The reason for a reported decline in use of herbal medicine after initiating ARVs may in part be due to patients' reluctance to disclose their use of herbal remedies, particularly as their physician's advice against concomitant medicine use. In addition, ART naïve patients receive once they have been identified as possible ART candidates in South Africa, especially at our sample hospitals, training on correct ART adherence which discourages the use of herbal medicines (Ramlagan and Peltzer, 2008). In the present study most (95%) of the health care providers were not aware that their patients were taking herbal treatments. Similarly, Langlois-Klassenet al. (2008) found in Uganda that only 16% of respondents had informed their conventional medical practitioners about their use of herbs. According to the South African National ARV Treatment Guidelines (Department of Health, 2004) patients must disclose any over-the-counter drugs and traditional medicines due to the possibility of contraindications and adverse drug interactions. Caution is noted that TCAM use has the potential for adverse effects (Hsiao et al., 2003).
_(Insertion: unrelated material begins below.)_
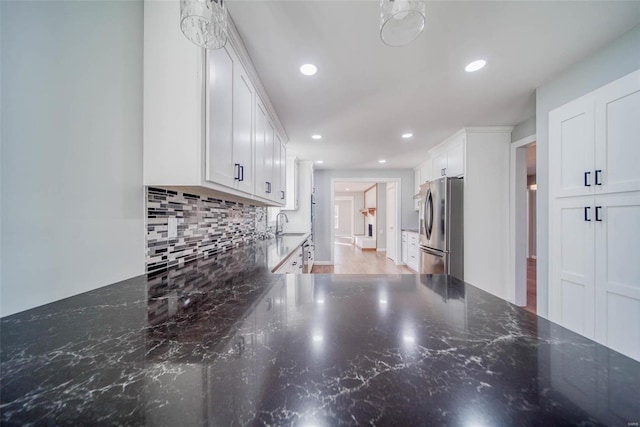 kitchen featuring freestanding refrigerator, tasteful backsplash, white cabinets, recessed lighting, and dark stone countertops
In the present study, a decline was also seen however in less controversial practices such as faith healing methods (including spiritual practices and prayer) and physical/body-mind therapies (exercise and massage), despite an increase in disclosure rates to providers. An alternative explanation may, therefore, be that improved physical well-being as a result of ARVs and improved understanding of adherence may have reduced the need for use of TCAM.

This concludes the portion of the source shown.